Shooting from a bench, or in the prone, with a scope on the highest magnification setting sure can make for some pretty little groups on paper at the range… it can also result in poor shots in the field. This is because that style of shooting, although great for testing the capabilities of a rifle system or for zeroing your scope, is horrible for encouraging proper trigger control, stability in real-world positions, and properly focusing on the reticle.

My simple mantra to accurate shooting goes something like this, “focus on the reticle, steady pressure on the trigger.”

Focusing on your reticle (or sights) is crucial to becoming a better shooter. Only by focusing on your reticle, instead of the target, can you know where you were aiming when the rifle fires. Modern scopes with very clear glass set on their highest magnification setting can make it very tempting to stare at the crisp and clear pretty target instead of the reticle. If this is happening to you, try turning down the magnification setting and/or shooting at a plainer target.

This goes beyond where you’re focused while shooting, it also includes being honest with yourself about what happened – especially if your shot was not as good as you intended. I encourage all of my students to “call their shots” by saying out-loud exactly where their reticle was as the trigger was pulled. By doing this, they not only become more aware of their reticle’s position, they can also identify if they pulled a shot in a particular direction.

If you know why you missed, you can work to improve. But if you don’t know why you hit, you can’t repeat it.

Shooting from a bench or while prone can hide some of the effects of improper trigger control and worse, it can encourage bad habits.

Surely we agree that stability is one of the keys to accuracy. However, practicing in unstable positions can make you a better shooter because I’ve seen very few shooting benches in the field and the instability can expose poor trigger control.

First, practicing and becoming comfortable in real-world positions will clearly help you prepare to execute an unstable shot in the field. But, it’s also excellent training for improving shooting in general. If you’re shooting from a kneeling position, for example, and you “jerk the trigger,” you’ll see the corresponding movement in your rifle that can sometimes be hidden if the rifle is resting solidly on sandbags on a fixed shooting platform. This is, of course, only if you’re watching your reticle.

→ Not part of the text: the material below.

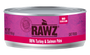 RAWZ Cat 96% Turkey & Salmon Pate Wet Cat Food Can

In addition to exposing your trigger control weaknesses so that they can be fixed, unstable shooting positions can also teach you to apply proper pressure to the trigger to fire the rifle. If you’re anything like me, you’ve said to yourself while shooting, more than once, “a little left, a little more, slightly lower, right about there, nope a little higher, NOW!” This comes from trying to be too accurate and usually leads to “jerking the trigger.”

Instead of trying to be so perfect that you make a bad shot and support bad habits, I encourage you to pursue something I call “acceptable accuracy.” If you determine that a bullet anywhere within a particular area is acceptable, within an animal’s kill-zone for example, then you should be satisfied with a hit anywhere within the area you’ve defined.

This theory is clearly opposite of the common “aim small/miss small” approach but it works for me and most of my students. Those who try for the dead-center of the acceptable area might “jerk the trigger” in a rush to shoot when the reticle is perfectly aligned or they end up focusing so much on the perfect center that they lose focus on the reticle. By trying to be too perfect, they can miss altogether.

Instead, focus on your reticle and if it is anywhere within the acceptable zone (defined by you), start applying steady consistent pressure on the trigger. When your rifle fires, you’ll have a hit as long as the reticle was somewhere within the acceptable zone. A hit at the threshold of what is acceptable is always better than a miss because I was trying to be too perfect.

Becoming more accurate is a goal we all should be pursuing. However, in that pursuit, don’t forget that practicing shooting should be a means to improve and not an exercise of confirming how accurate you are.

Next time you go to the range, practice in real-world unstable positions so that they become familiar and so your errors aren’t hidden, focus on the reticle so you are aware of where you’re aiming and call your shots so that you can be accountable for what happened, and teach yourself to apply proper trigger control while the reticle moves within an acceptable area instead of forcing a shot while trying to be too precise.

If you do this, you may not have pretty little groups at first but you’ll become a better shooter. Hopefully, the latter is what you’re after. If it is, stop worrying about being so accurate and focus on what you can control: your fundamentals.